Three hot issues during shareholder meeting season
This week will see a series of shareholder meetings, which are expected to be hotter than previous years, with a lot of questions to be raised by investors.
The General Director of a listed company complained that he has become nervous as the shareholder meeting season begins, as he anticipates the questions shareholders will pose at the meetings.
Like many other companies, his company’s business has not been satisfactory over the past year, with the export market narrowed. The company has not cut down the workforce, but workers have less working hours and lower incomes.
Approximately 10 shareholders’ meetings occurred in the last week. However, the ‘shareholder meeting season’ will only officially kick off this week.
Analysts say that shareholders will ask for an explanation of the leadership of companies regarding the business results of the last year and about figures in the financal reports.
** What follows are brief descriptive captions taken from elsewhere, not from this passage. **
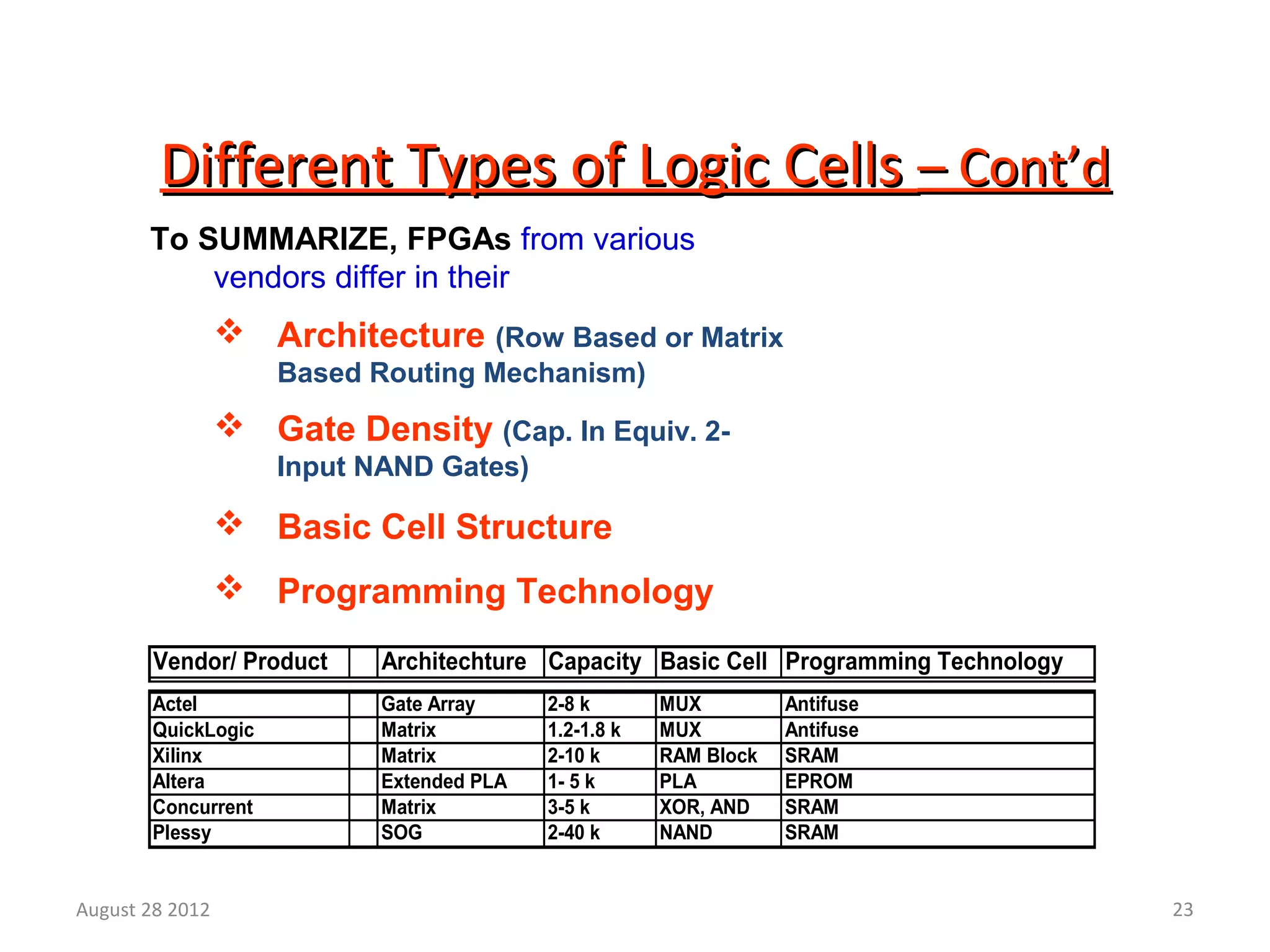 23
Different Types of Logic CellsDifferent Types of Logic Cells – Cont’d– Cont’d
Vendor/ Product Architechture Capacity Basic Cell Programming Technology
Actel Gate Array 2-8 k MUX Antifuse
QuickLogic Matrix 1.2-1.8 k MUX Antifuse
Xilinx Matrix 2-10 k RAM Block SRAM
Altera Extended PLA 1- 5 k PLA EPROM
Concurrent Matrix 3-5 k XOR, AND SRAM
Plessy SOG 2-40 k NAND SRAM
To SUMMARIZE, FPGAs from various
vendors differ in their
 Architecture (Row Based or Matrix
Based Routing Mechanism)
 Gate Density (Cap. In Equiv. 2-
Input NAND Gates)
 Basic Cell Structure
 Programming Technology
August 28 2012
According to Ngo Van Minh, Deputy Head of the Analysis Division under Eurocapital Securities Company, the companies that made financial investments in 2008 will be under pressure. Shareholders of many enterprises only know that the enterprises make investments, while they do not know the specifics of the businesses’ investment portfolios.
After releasing the 2008 finance report, which showed a loss, the leadership of the Refrigeration Engineering Enterprise (REE) committed it’s mistakes in making financial investments and explained the business activities of the company. The move by REE’s leadership received active response from investors. However, very few listed companies have committed mistakes like REE.
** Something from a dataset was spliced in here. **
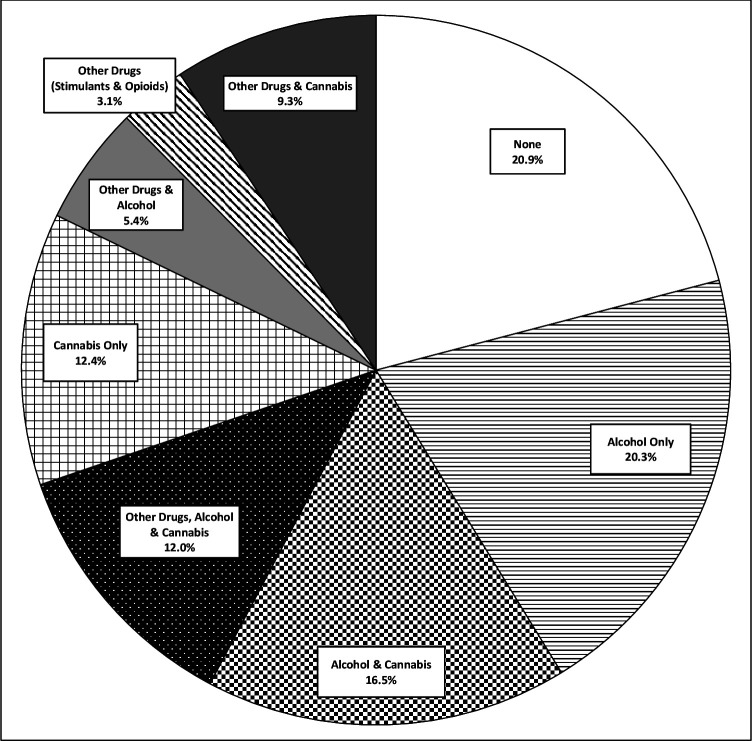 Breakdown of alcohol, stimulant, opioid and cannabis comorbidity for all patients (N=635).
“If investors have experience, they will be able to truly assess the capability and experience of businesses’ leaders,” said Tran Tien Dung, an investor on ACBS trading floor. Dung believes that the shareholder meeting season will witness tense inquiries from investors.
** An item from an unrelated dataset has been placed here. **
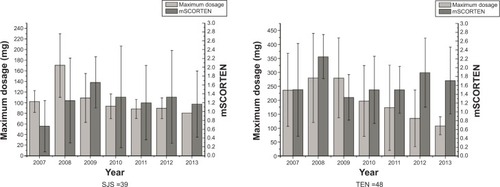 Figure 2 Corticosteroid usage and mSCORTEN in succeeding years in SJS patients and TEN patients.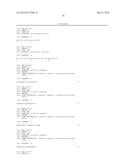 ANTIBODY DERIVATIVES diagram and image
In the context of economic recession, investors well understand that companies will set lower business targets this year. Minh, from Eurocapital, said that investors will be interested in whether businesses can sell commodities, if business plan are feasible, as well as how to retain both export and domestic markets. “Expanding workshops and making investments in other business fields will not be the plan shareholders are interested at this moment,” Minh said.
Most of the forecasts have leaned towards the viewpoint that the world’s and Vietnam’s economy will prosper by the end of the year or early 2010. However, Dung, as an investor, said that the business plans need to consider the worst-case scenarios as well.
How high dividends are and how to pay dividends, in cash or bonus shares, proves to be the issue that catches the most interest from investors.
Before the shareholder meeting season, the Vietnam Association of Financial Investors (VAFI) suggested that listed companies should pay dividends in cash which proves to be more attractive to shareholders in the current period.
Dung also thinks that investors will also discuss whether to mobilize more capital by issuing more shares or geting loans from banks, as the bank interest rates have split in half over the previous year.